> [WHAT YOU NEED TO DO]
The reply should match the listing below character for character, except that no image is carried over.

::::::

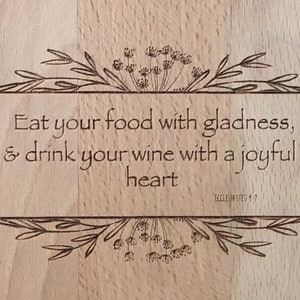 May include: A wooden chopping board with a laser-engraved quote: "Eat your food with gladness, & drink your wine with a joyful heart" and the reference "Ecclesiastes 9:7".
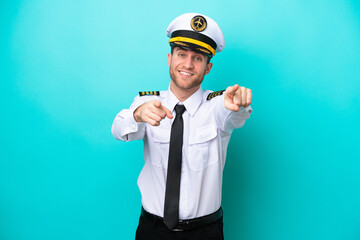 Poster - Airplane caucasian pilot isolated on blue background points finger at you while smiling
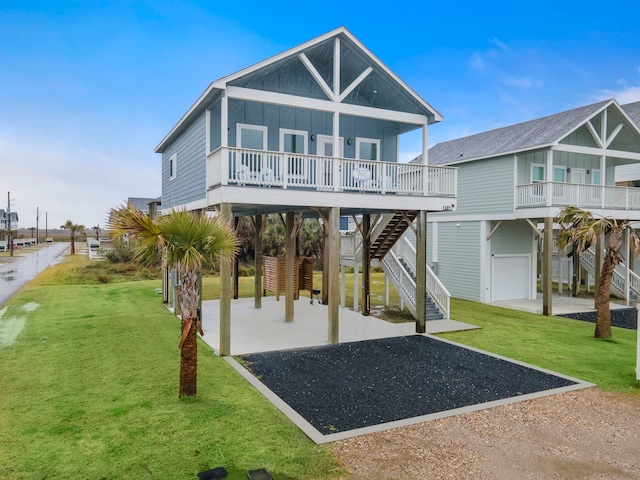 rear view of property featuring covered porch, a garage, and a yard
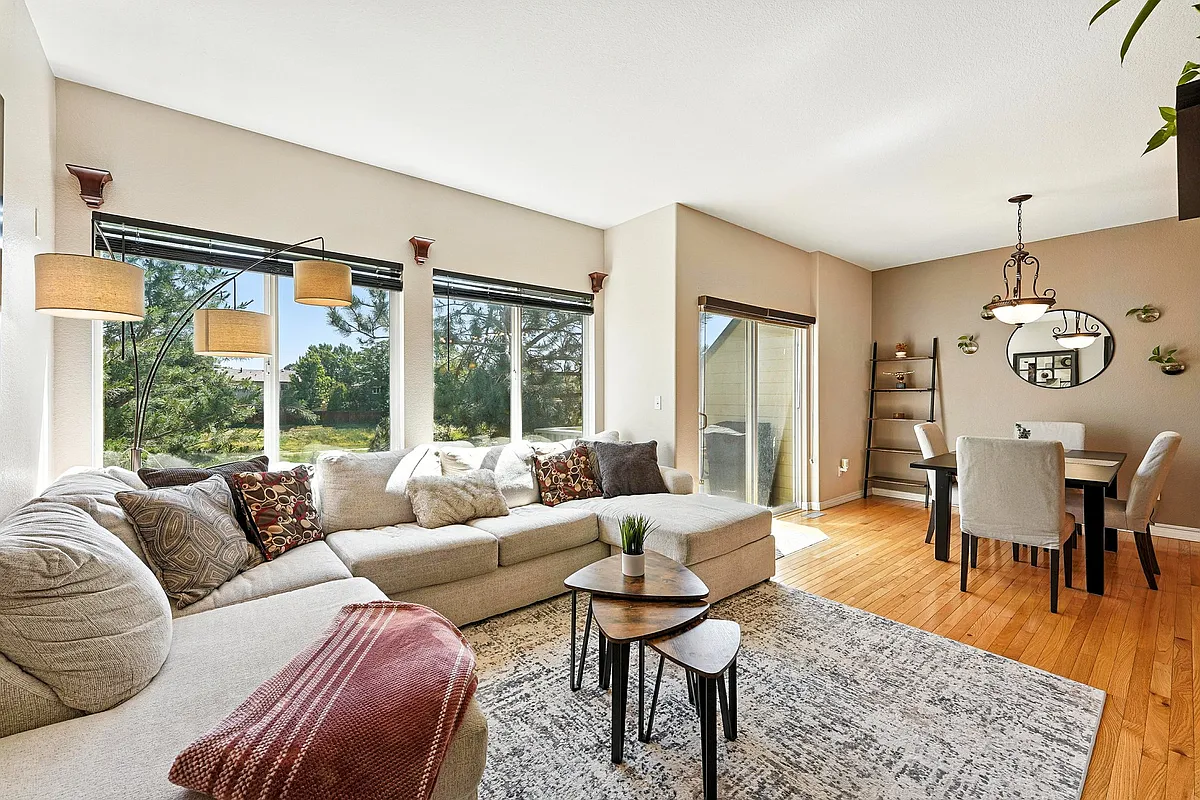 Comfortable main-level living space with easy access to private deck. - 1206 S Idalia St #B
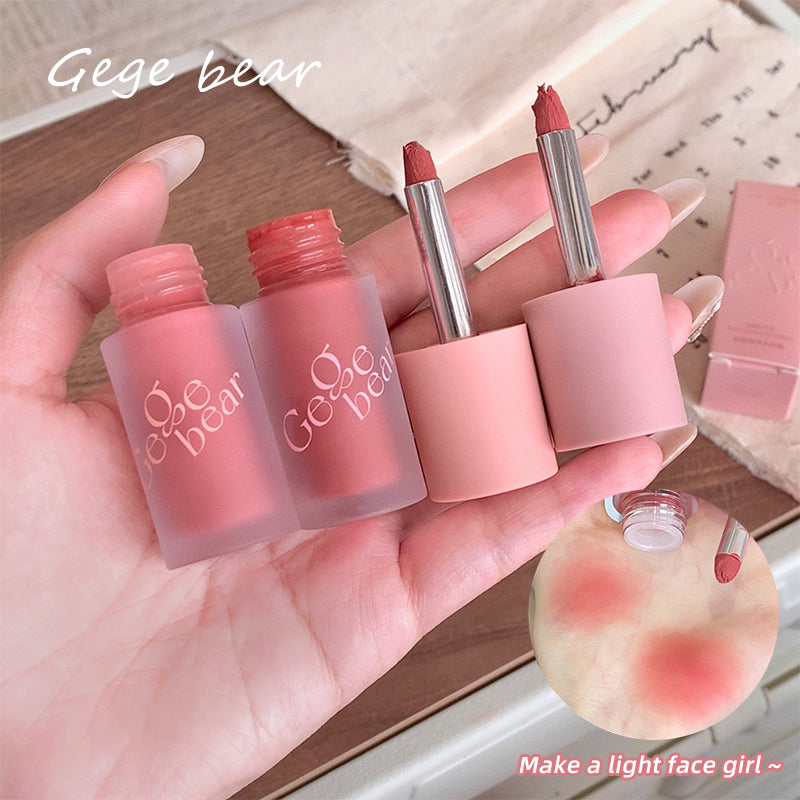 Hand holding pink lip products with 'Gege bear' branding on a wooden surface.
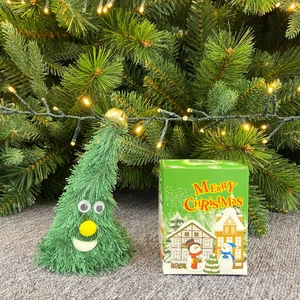 Albero di Natale elettrico di peluche con campanello e confezione regalo su sfondo festivo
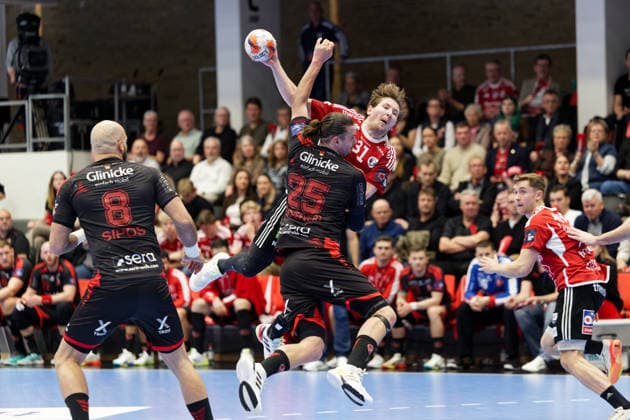 Fredericia Handball v MT Melsungen, EHF European League play-offs, Fredericia, Denmark Fredericia, Denmark. 31st, March 2026. William Andersson Moberg (31) of Fredericia Handball and Olle Forsell Schefvert (25) of MT Melsungen seen during the EHF European League play off match between Fredericia Handball and MT Melsungen at Middelfart Spraekasse Arena in Fredericia. Denmark, Fredericia  Copyright: xGonzalesxPhoto LauxNielsenx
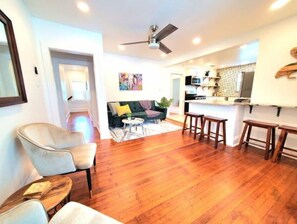 Relax in this open-plan living and dining area with a sofa, coffee table, and kitchen bar.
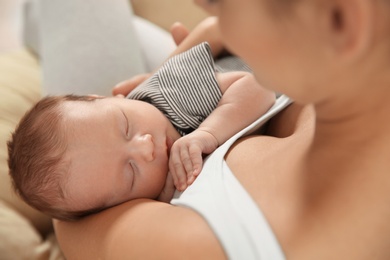 Photo of Young woman holding her newborn baby, closeup
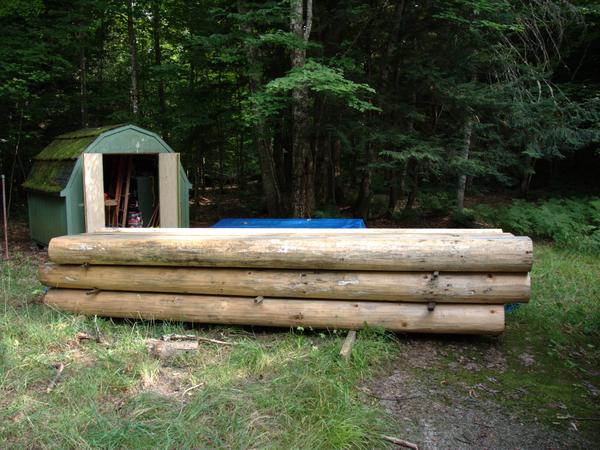 New logs waiting to be rebuild the wall.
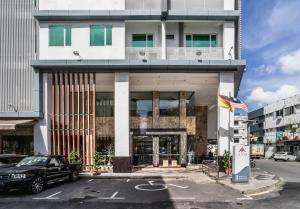 a black car parked in front of a building at Ano Hotel in Miri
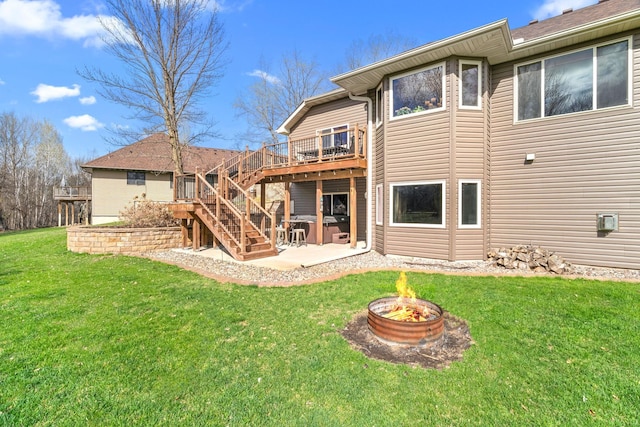 rear view of house featuring a deck, a fire pit, stairs, a patio area, and a lawn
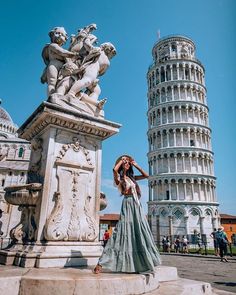 a woman is standing in front of the leaning tower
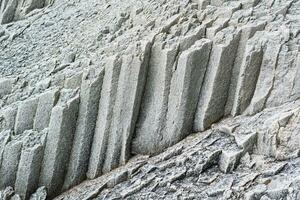 naturale roccia sfondo, vulcanico colonnare articolato basalto foto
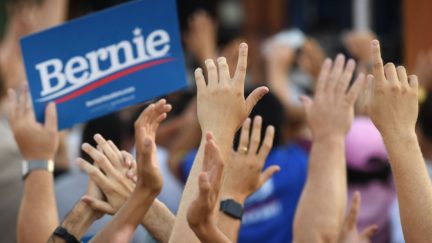 People cheer as 2020 Democratic presidential hopeful Vermont US Senator Bernie Sanders (off frame) arrives to speak to a crowd of supporters during a campaign rally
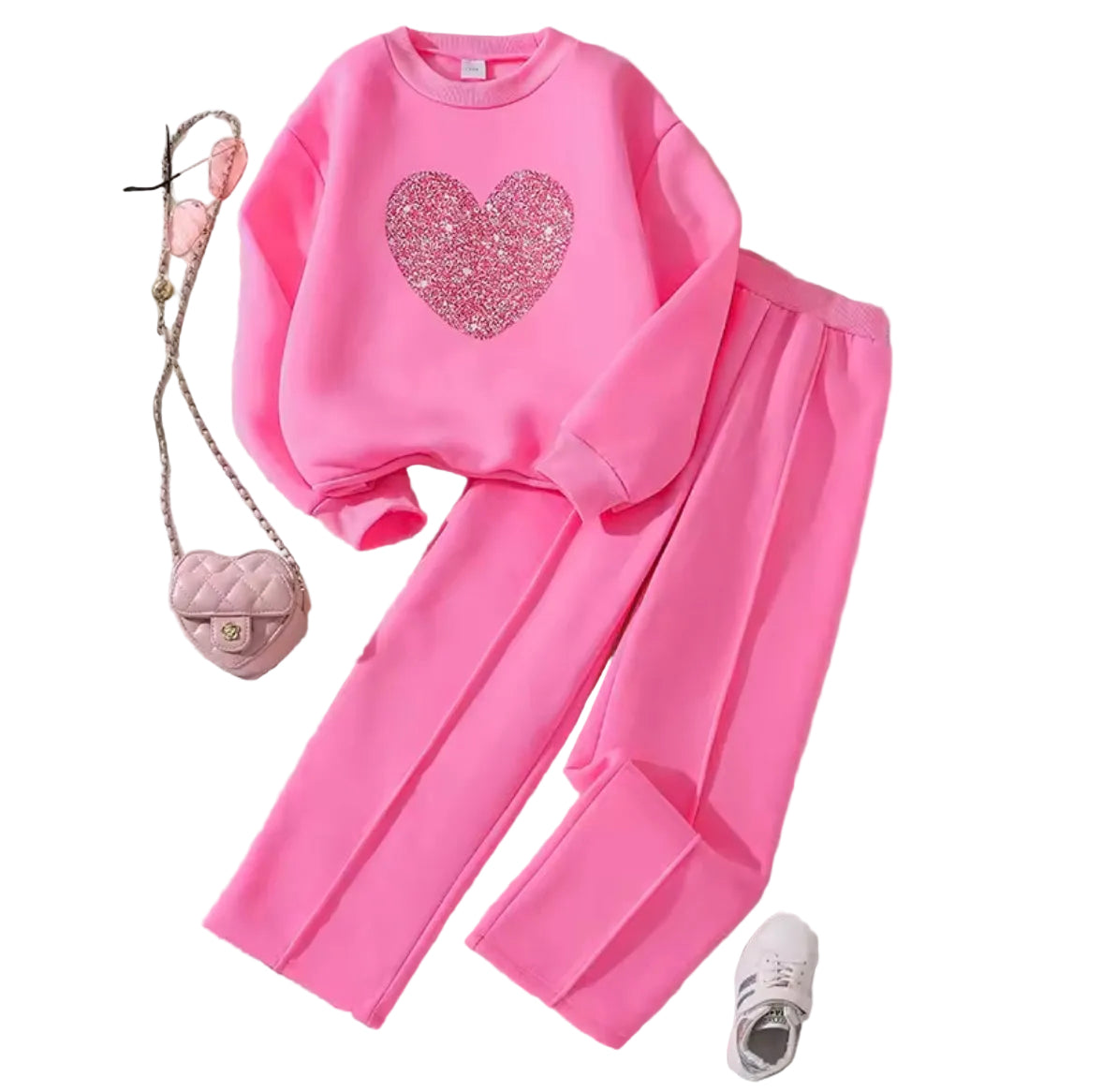 Pink sweatshirt and pants set with a heart design on a light background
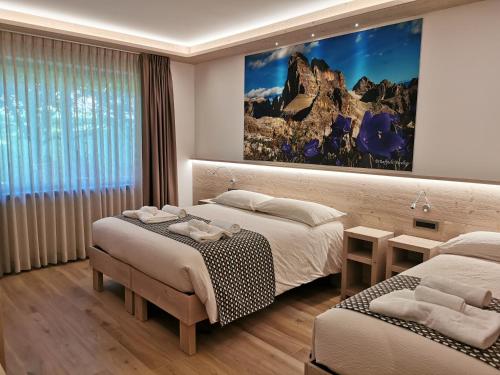 a hotel room with two beds and a large window at Verdi Armonie in Lozzo Cadore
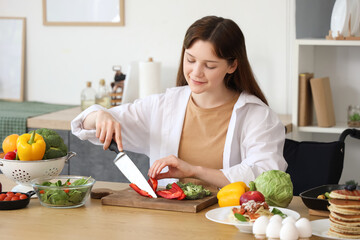 Poster - Young woman in wheelchair cutting bell pepper at home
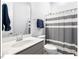 Clean bathroom with a modern vanity, shower with gray striped curtain, providing a functional and stylish space at 153 Abercorn Cir, Chapel Hill, NC 27516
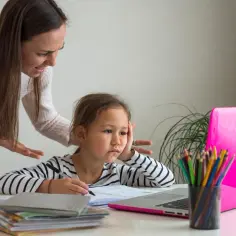 Zestresowana dziewczynka z zeszytem i laptopem, podczas gdy mama z niezadowoloną miną tłumaczy jej coś o ocenach w szkole.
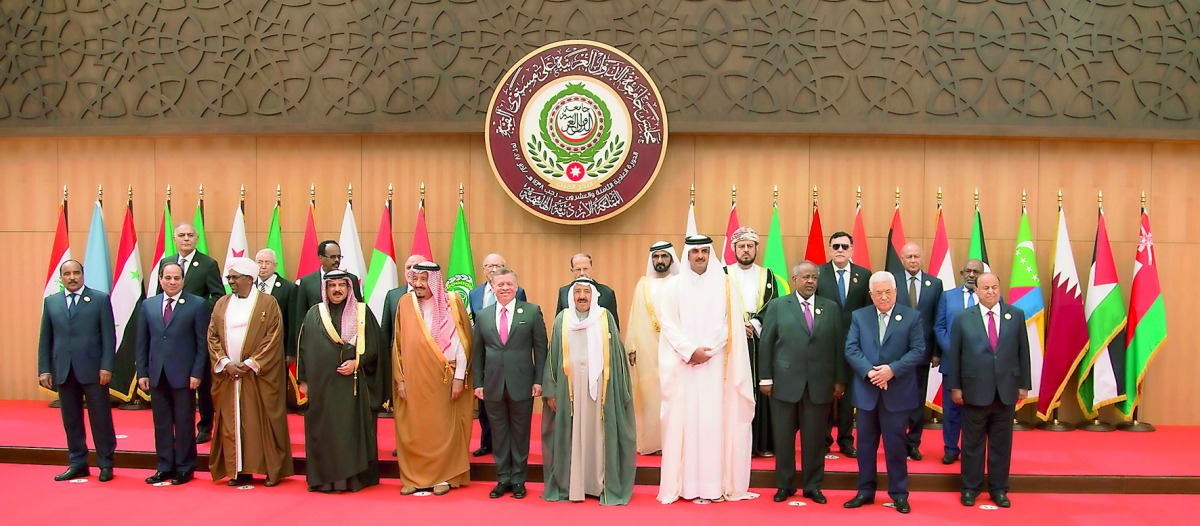 Emir H H Sheikh Tamim bin Hamad Al Thani with other Arab leaders at the 28th Ordinary Session of Arab League summit held at the King Hussein bin Talal Convention Centre in the Dead Sea area in Jordan, yesterday.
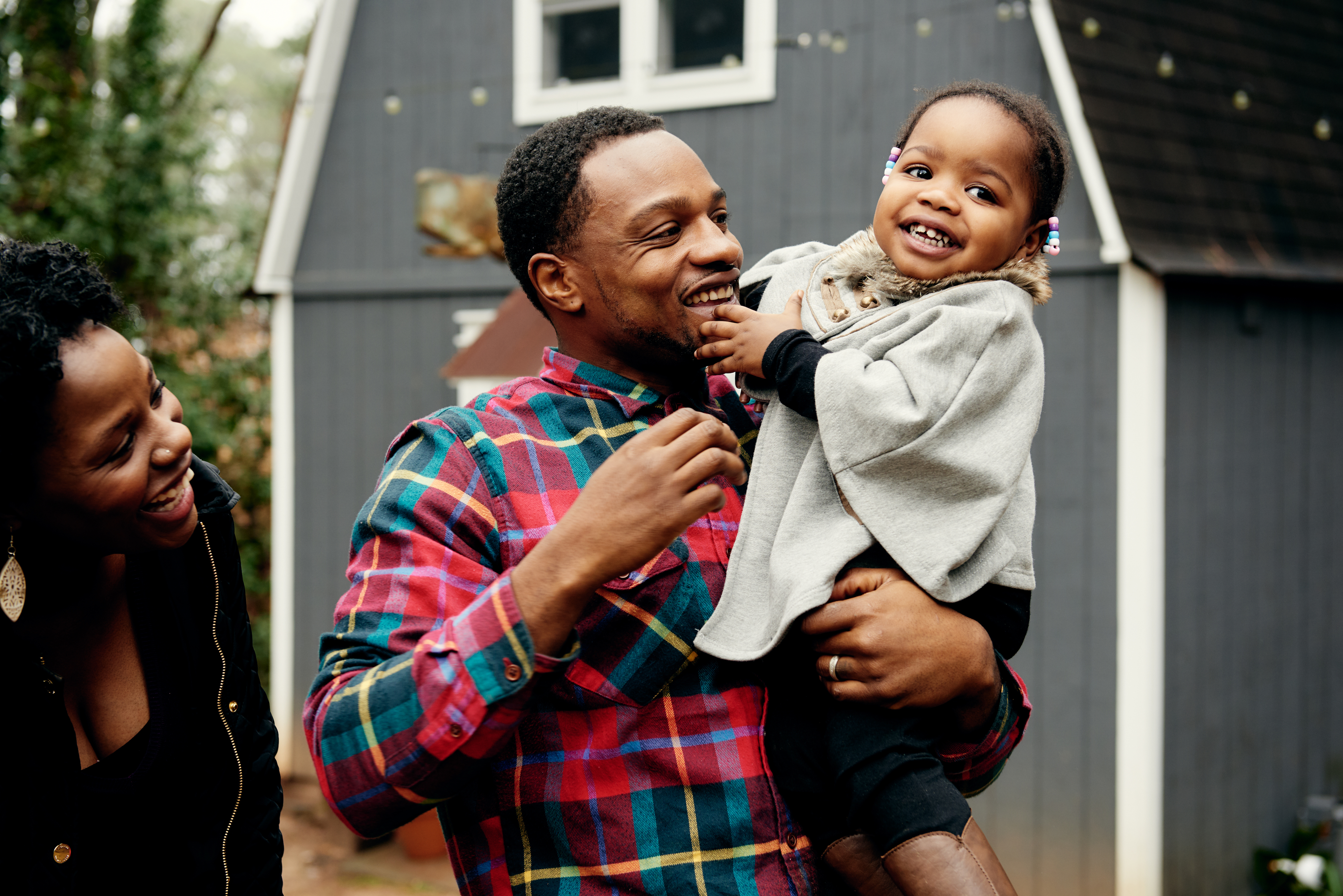 Smiling family with woman standing next to man holding baby girl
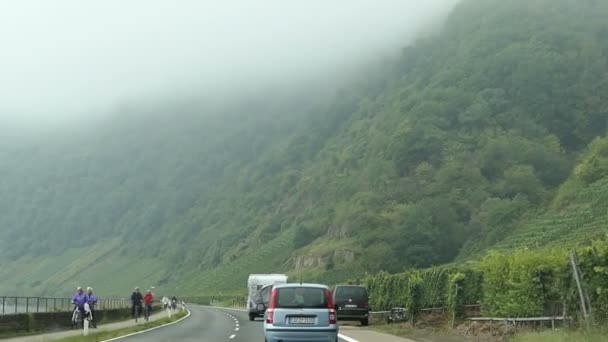 Körning med en bil längs regionen mosel floden bredvid Bremm (Tyskland). fält och byn i bakgrunden. Landscape.Tractor framför. — Stockvideo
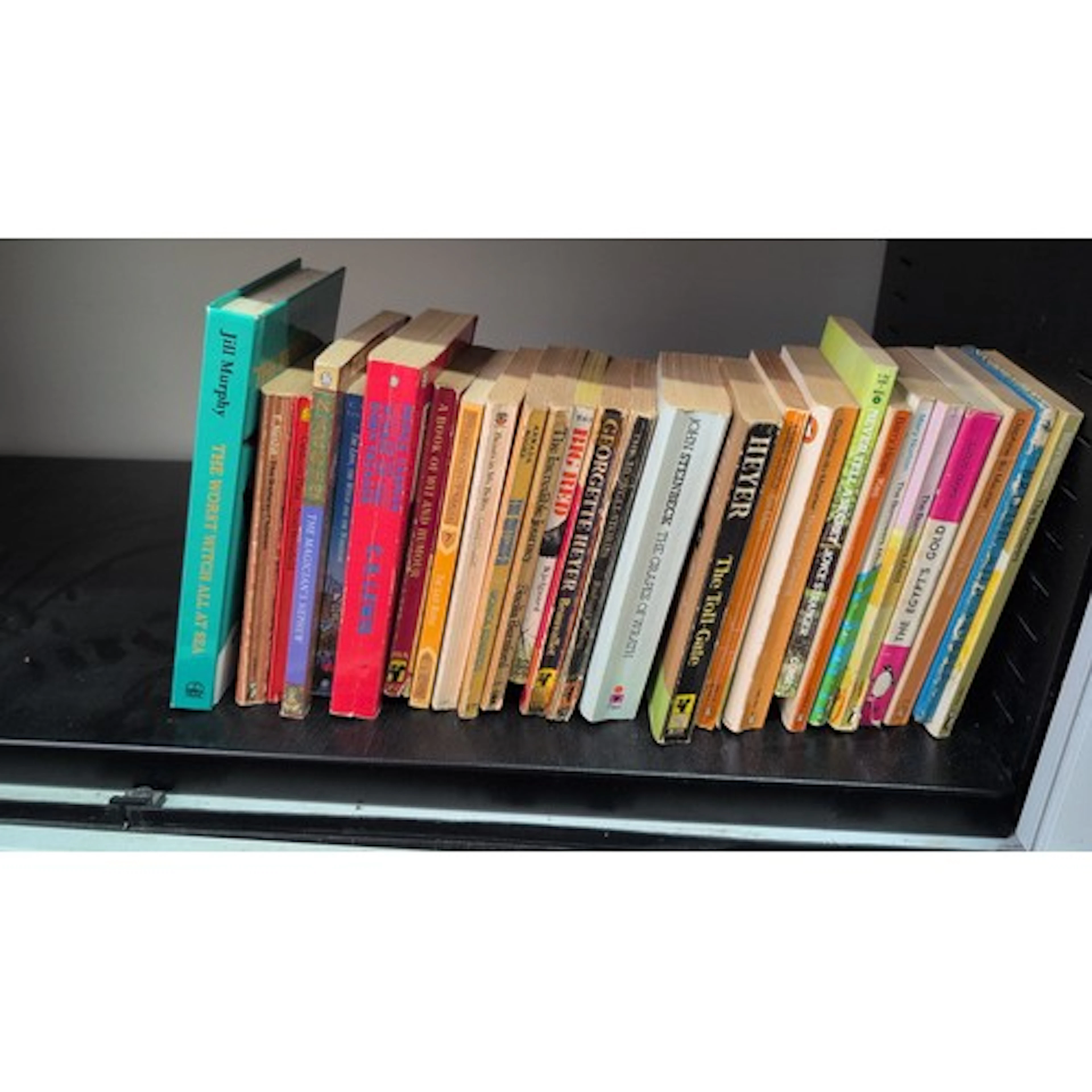 A quantity of paperback fiction and children’s literature, i...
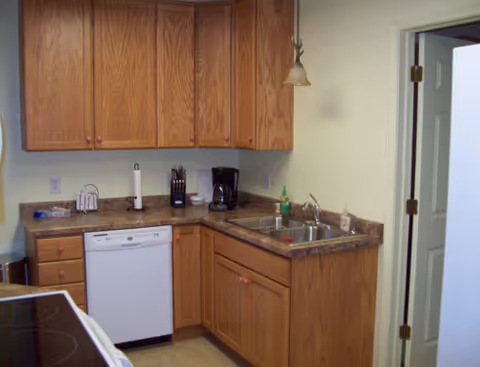 Kitchen area with wooden cabinets, sink, dishwasher, and countertop appliances in a senior facility.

::::::

> [TASK OUTPUT]
 May include: A wooden chopping board with a laser-engraved quote: "Eat your food with gladness, & drink your wine with a joyful heart" and the reference "Ecclesiastes 9:7".
 Poster - Airplane caucasian pilot isolated on blue background points finger at you while smiling
 rear view of property featuring covered porch, a garage, and a yard
 Comfortable main-level living space with easy access to private deck. - 1206 S Idalia St #B
 Hand holding pink lip products with 'Gege bear' branding on a wooden surface.
 Albero di Natale elettrico di peluche con campanello e confezione regalo su sfondo festivo
 Fredericia Handball v MT Melsungen, EHF European League play-offs, Fredericia, Denmark Fredericia, Denmark. 31st, March 2026. William Andersson Moberg (31) of Fredericia Handball and Olle Forsell Schefvert (25) of MT Melsungen seen during the EHF European League play off match between Fredericia Handball and MT Melsungen at Middelfart Spraekasse Arena in Fredericia. Denmark, Fredericia  Copyright: xGonzalesxPhoto LauxNielsenx
 Relax in this open-plan living and dining area with a sofa, coffee table, and kitchen bar.
 Photo of Young woman holding her newborn baby, closeup
 New logs waiting to be rebuild the wall.
 a black car parked in front of a building at Ano Hotel in Miri
 rear view of house featuring a deck, a fire pit, stairs, a patio area, and a lawn
 a woman is standing in front of the leaning tower
 naturale roccia sfondo, vulcanico colonnare articolato basalto foto
 People cheer as 2020 Democratic presidential hopeful Vermont US Senator Bernie Sanders (off frame) arrives to speak to a crowd of supporters during a campaign rally
 Pink sweatshirt and pants set with a heart design on a light background
 a hotel room with two beds and a large window at Verdi Armonie in Lozzo Cadore
 Poster - Young woman in wheelchair cutting bell pepper at home
 Clean bathroom with a modern vanity, shower with gray striped curtain, providing a functional and stylish space at 153 Abercorn Cir, Chapel Hill, NC 27516
 Zestresowana dziewczynka z zeszytem i laptopem, podczas gdy mama z niezadowoloną miną tłumaczy jej coś o ocenach w szkole.
 Emir H H Sheikh Tamim bin Hamad Al Thani with other Arab leaders at the 28th Ordinary Session of Arab League summit held at the King Hussein bin Talal Convention Centre in the Dead Sea area in Jordan, yesterday.
 Smiling family with woman standing next to man holding baby girl
 Körning med en bil längs regionen mosel floden bredvid Bremm (Tyskland). fält och byn i bakgrunden. Landscape.Tractor framför. — Stockvideo
 A quantity of paperback fiction and children’s literature, i...
 Kitchen area with wooden cabinets, sink, dishwasher, and countertop appliances in a senior facility.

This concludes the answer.